On the C-130J, the newest version of the Hercules that requires only a three-person crew, loadmasters are sometimes referred to as “load-gineers” because they carry on many of the tasks that flight engineers on the legacy models conducted. Both the flight engineer and the navigator positions are eliminated on the J-model. The smaller-size crew has many implications for training.
“There was a dynamic that went on with a huge crew,” explains Mordente. “The navigator was updating the computer, feeding information into your instrumentation. You’re flying; your co-pilot is backing you up. The flight engineer is running all of the systems. When you step into the J-model, all of that stuff being run by three is sitting on your heads-up display,” he says.
The J-model aircraft combines the tactical aspects of a fighter jet’s heads-up display technology with the modern flight management system found in commercial airliners.
“It’s like stepping into a fighter cockpit, with all the multiplex displays,” says Chief Master Sgt. Richard Turcotte Jr., command chief of the 314th Airlift Wing.
Teaching the young crews how to fly the new model is not a problem, because they’re used to the idea of having heads-up displays and a computer driving most of the aircraft functions, Hyde says.
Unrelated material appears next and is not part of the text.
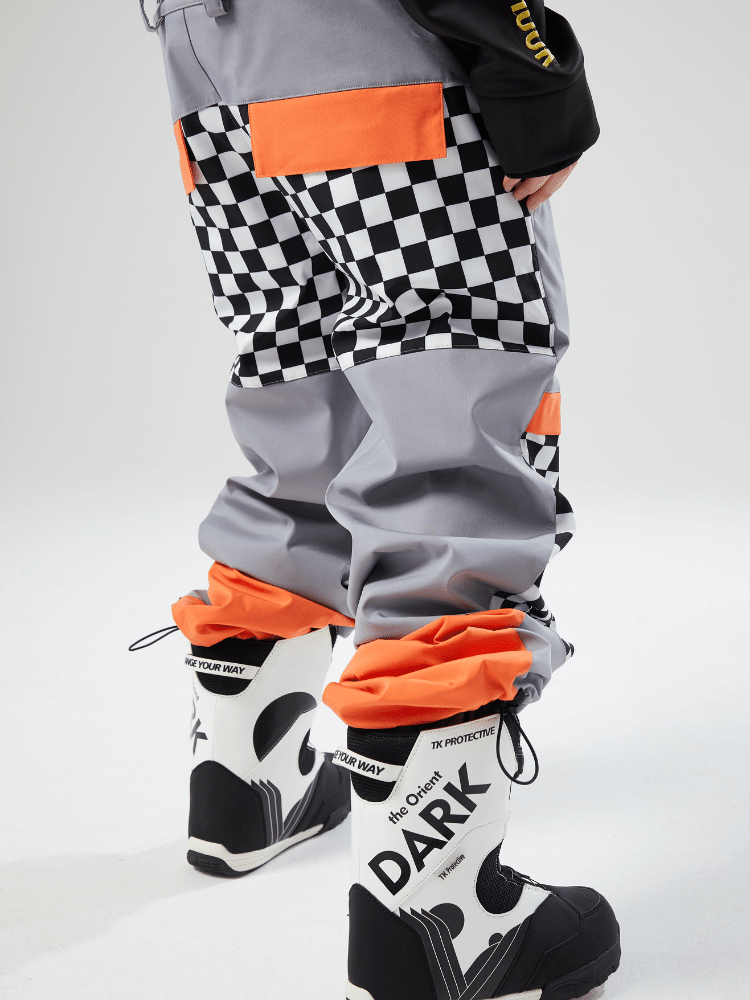 Tolasmik X Banana Hook Premium Grey Chess Bib Pants - Unisex - Snowears- bibs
But for experienced aircrews who first learned how to fly on the older aircraft models, it’s a case of teaching an old dog new tricks.
“They understand how to fly the airplane, but it’s the whole process of how the human interfaces with the aircraft,” he explains. “The aircraft is automated, so there is less ‘stick-and-rudder’ … That is a shift in how we interface with the machinery, and that’s tough.”
The 48th Airlift Squadron here flies the new C-130J. There are seven J-models on the base, and that number is expected to bump up to 12, as C-130 units at Ramstein Air Force Base in Germany and Dyess Air Force Base, Texas, continue converting to the J-models.
Legacy aircraft, such as the E-models, will retire once they reach the end of their lives. But others, including the H-models, will go through an avionics modernization program to update their hardware into a common configuration with flatscreens and other technologies that resemble those found in the newer J-model aircraft.
There are 221 AMP aircraft planned in the budget, says Hyde.
In preparation for the updated aircraft, the wing is acquiring AMP-model simulators and putting other infrastructure in place for training crews that will fly those aircraft.
As the active-duty fleet becomes predominantly J-models, and the reserve forces take on the AMP-models, the training personnel for both types of aircraft is expected to merge.
“That linkage keeps the reserve component and the active duty component actively involved in the training of both major weapons systems in the combat delivery fleet, and it ensures a commonality of purpose,” Hyde says.